Students at UT protesting | Photo by Brandon Bell/Getty Images

Since the protests at Columbia University, pro-Palestinian student organizations at universities including The University of Texas system have been organizing campus-wide peaceful protests due to the Israel-Hamas war.

This week, the most major of the protests came to fruition. More than 250 students from UT Dallas and UT Arlington participated, while hundreds more filled campus streets in Austin.

Images of students proudly wearing keffiyehs, a traditional Middle Eastern head scarf that has grown to symbolize Palestinian solidarity and liberation, flooded news channels in Texas and across the nation, Tents were erected, armed state officers arrived on horseback, and April 24th ended with 57 students arrested.

In many ways, these protests hearken back to protests as early as 1965 regarding apartheid, a now-abolished system of institutionalized segregation in South Africa surrounding racial discrimination.

Both movements demand that academic institutions divest from companies that traded or had operations in oppressive regimes. Both are rooted in peace but have resulted in mass arrests of students nationwide. Both include a majority population of protesters who do not know individuals living in the issue’s locale yet strongly believe in their human rights.

While protests officially began in 1965, much of the grass-roots anti-apartheid college movement in the United States began as part of a response to violence that occurred at the 1976 Soweto uprising — a series of anti-apartheid protests led by black school children living in South Africa that resulted in as many as 700 fatalities.

Beginning at Stanford University the following year, students across the nation organized sit-ins to pressure academic administrations to support divestment resolutions. Campuses such as UNC-Chapel Hill, the University of California at Berkeley, Columbia University, and Johns Hopkins followed suit over the next decade. Some even built shantytowns, a collection of crudely made shacks for the impoverished, inside campus walls to demonstrate the living conditions black Africans faced in South Africa.

Initially, the board of trustees at most universities rejected the case for divestiture citing that black Africans would suffer most from economic sanctions as they would be the first to feel the negative impacts on the economy.

The force of these decentralized protests in combination with other activism factors resulted in Congress passing the Comprehensive Anti-Apartheid Act of 1986. This Act imposed economic sanctions against South Africa, essentially until apartheid was lifted.
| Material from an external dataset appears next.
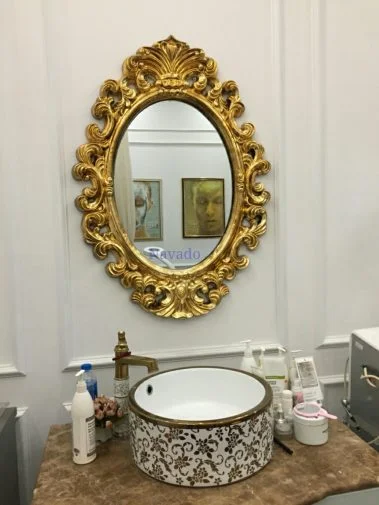 Gương tân cổ điển phòng tắm Zeus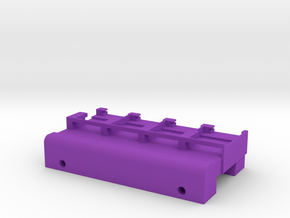 Neoden 4-Gang, 24mm feeder block in Purple Processed Versatile Plastic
By 1988, over 155 higher institutions had partially or fully divested from South Africa, holding billions of dollars from the country.

School officials begin to worry that protests could disrupt May commencement ceremonies and may begin approaching antisemitism. UT Austin president Jay Hartzell states “Our rules matter, and they will be enforced. Our university will not be occupied.”
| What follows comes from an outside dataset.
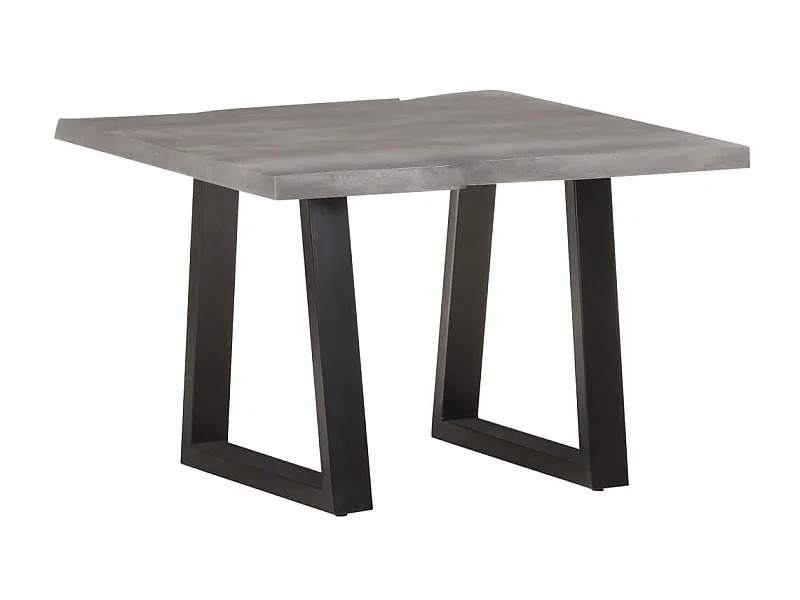 Couchtisch Beistelltisch mit Baumkanten 60x60x40 cm Massivholz Akazie -MN93101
Meanwhile, many students feel as though local and state police aggressively handled them with displays of batons and militarization. While student organizations across Texas schools had requested authorization for campus protests to demonstrate free speech, student directors denied them to “protect our educational mission”, according to UT Austin.
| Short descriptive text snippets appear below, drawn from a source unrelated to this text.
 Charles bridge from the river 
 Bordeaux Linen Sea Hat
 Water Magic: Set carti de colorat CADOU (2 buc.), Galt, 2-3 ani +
As Texas universities and colleges around the country may be only beginning an era of protests calling for divestment, what actually can be accomplished?

Regulations have changed significantly since the 1986 Anti-Apartheid Act, and it is much more difficult to divest now from specific countries than it was 40 years ago. A successful divest movement would require dissecting interwoven economic systems around the world — much easier said than done.

Campuses such as Princeton University have stated that they are establishing an undefined “exceedingly high bar” for divestment from a company when evaluating companies associated with fossil fuels. Schools are thus able to shift divestment responsibility to those supervising this seemingly elusive research.

Additionally, as campuses prioritize shareholder interest, boards of trustees may be stubborn to let go of lucrative assets associated with Israel.

The question remains. Will university-led protests again pave the way to international change? Only time will tell. For now, student divestment campaigns may lead higher education institutions and governments to begin dissecting how powerful financial firms are indirectly linked to Israeli warfare.